======== RECORD EXTRACTS ========
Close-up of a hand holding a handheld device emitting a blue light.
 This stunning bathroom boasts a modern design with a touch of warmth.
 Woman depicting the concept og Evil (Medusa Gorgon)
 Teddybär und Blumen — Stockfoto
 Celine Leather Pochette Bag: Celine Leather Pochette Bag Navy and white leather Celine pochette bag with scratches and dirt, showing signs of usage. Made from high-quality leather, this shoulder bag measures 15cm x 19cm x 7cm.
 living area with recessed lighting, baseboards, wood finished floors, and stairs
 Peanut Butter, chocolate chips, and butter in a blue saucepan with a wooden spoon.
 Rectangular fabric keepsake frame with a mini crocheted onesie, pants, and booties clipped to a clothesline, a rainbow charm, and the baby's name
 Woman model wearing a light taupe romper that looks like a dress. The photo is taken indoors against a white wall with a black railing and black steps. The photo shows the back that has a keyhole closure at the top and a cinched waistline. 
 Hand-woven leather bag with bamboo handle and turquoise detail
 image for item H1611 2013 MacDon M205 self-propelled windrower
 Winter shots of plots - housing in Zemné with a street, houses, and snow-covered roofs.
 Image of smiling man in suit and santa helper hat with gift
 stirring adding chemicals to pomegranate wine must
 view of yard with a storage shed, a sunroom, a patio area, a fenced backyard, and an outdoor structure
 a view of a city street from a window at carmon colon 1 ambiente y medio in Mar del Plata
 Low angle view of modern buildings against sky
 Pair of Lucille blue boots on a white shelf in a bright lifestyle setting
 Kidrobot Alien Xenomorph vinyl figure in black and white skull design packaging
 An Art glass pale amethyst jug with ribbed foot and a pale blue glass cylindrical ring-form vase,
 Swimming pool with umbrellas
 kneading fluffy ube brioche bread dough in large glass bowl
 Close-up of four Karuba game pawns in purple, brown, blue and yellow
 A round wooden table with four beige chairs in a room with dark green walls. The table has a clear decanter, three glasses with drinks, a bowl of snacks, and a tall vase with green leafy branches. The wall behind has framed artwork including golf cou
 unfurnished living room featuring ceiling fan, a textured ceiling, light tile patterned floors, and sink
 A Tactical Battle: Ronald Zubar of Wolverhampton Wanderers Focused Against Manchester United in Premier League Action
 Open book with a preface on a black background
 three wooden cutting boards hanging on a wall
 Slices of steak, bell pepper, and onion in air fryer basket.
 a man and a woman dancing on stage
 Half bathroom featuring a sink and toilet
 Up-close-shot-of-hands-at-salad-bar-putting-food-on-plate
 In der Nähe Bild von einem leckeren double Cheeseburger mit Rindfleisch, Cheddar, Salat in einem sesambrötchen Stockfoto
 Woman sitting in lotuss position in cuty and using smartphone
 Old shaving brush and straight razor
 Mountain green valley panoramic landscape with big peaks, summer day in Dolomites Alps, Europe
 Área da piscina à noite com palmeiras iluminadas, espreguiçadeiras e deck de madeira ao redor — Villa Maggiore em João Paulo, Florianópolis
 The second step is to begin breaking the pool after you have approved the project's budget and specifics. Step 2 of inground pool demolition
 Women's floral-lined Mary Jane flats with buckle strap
========
■ WHAT YOU WILL DO ■
Print all the entries exactly as written.

■ WRITTEN SOLUTION ■
Close-up of a hand holding a handheld device emitting a blue light.
 This stunning bathroom boasts a modern design with a touch of warmth.
 Woman depicting the concept og Evil (Medusa Gorgon)
 Teddybär und Blumen — Stockfoto
 Celine Leather Pochette Bag: Celine Leather Pochette Bag Navy and white leather Celine pochette bag with scratches and dirt, showing signs of usage. Made from high-quality leather, this shoulder bag measures 15cm x 19cm x 7cm.
 living area with recessed lighting, baseboards, wood finished floors, and stairs
 Peanut Butter, chocolate chips, and butter in a blue saucepan with a wooden spoon.
 Rectangular fabric keepsake frame with a mini crocheted onesie, pants, and booties clipped to a clothesline, a rainbow charm, and the baby's name
 Woman model wearing a light taupe romper that looks like a dress. The photo is taken indoors against a white wall with a black railing and black steps. The photo shows the back that has a keyhole closure at the top and a cinched waistline. 
 Hand-woven leather bag with bamboo handle and turquoise detail
 image for item H1611 2013 MacDon M205 self-propelled windrower
 Winter shots of plots - housing in Zemné with a street, houses, and snow-covered roofs.
 Image of smiling man in suit and santa helper hat with gift
 stirring adding chemicals to pomegranate wine must
 view of yard with a storage shed, a sunroom, a patio area, a fenced backyard, and an outdoor structure
 a view of a city street from a window at carmon colon 1 ambiente y medio in Mar del Plata
 Low angle view of modern buildings against sky
 Pair of Lucille blue boots on a white shelf in a bright lifestyle setting
 Kidrobot Alien Xenomorph vinyl figure in black and white skull design packaging
 An Art glass pale amethyst jug with ribbed foot and a pale blue glass cylindrical ring-form vase,
 Swimming pool with umbrellas
 kneading fluffy ube brioche bread dough in large glass bowl
 Close-up of four Karuba game pawns in purple, brown, blue and yellow
 A round wooden table with four beige chairs in a room with dark green walls. The table has a clear decanter, three glasses with drinks, a bowl of snacks, and a tall vase with green leafy branches. The wall behind has framed artwork including golf cou
 unfurnished living room featuring ceiling fan, a textured ceiling, light tile patterned floors, and sink
 A Tactical Battle: Ronald Zubar of Wolverhampton Wanderers Focused Against Manchester United in Premier League Action
 Open book with a preface on a black background
 three wooden cutting boards hanging on a wall
 Slices of steak, bell pepper, and onion in air fryer basket.
 a man and a woman dancing on stage
 Half bathroom featuring a sink and toilet
 Up-close-shot-of-hands-at-salad-bar-putting-food-on-plate
 In der Nähe Bild von einem leckeren double Cheeseburger mit Rindfleisch, Cheddar, Salat in einem sesambrötchen Stockfoto
 Woman sitting in lotuss position in cuty and using smartphone
 Old shaving brush and straight razor
 Mountain green valley panoramic landscape with big peaks, summer day in Dolomites Alps, Europe
 Área da piscina à noite com palmeiras iluminadas, espreguiçadeiras e deck de madeira ao redor — Villa Maggiore em João Paulo, Florianópolis
 The second step is to begin breaking the pool after you have approved the project's budget and specifics. Step 2 of inground pool demolition
 Women's floral-lined Mary Jane flats with buckle strap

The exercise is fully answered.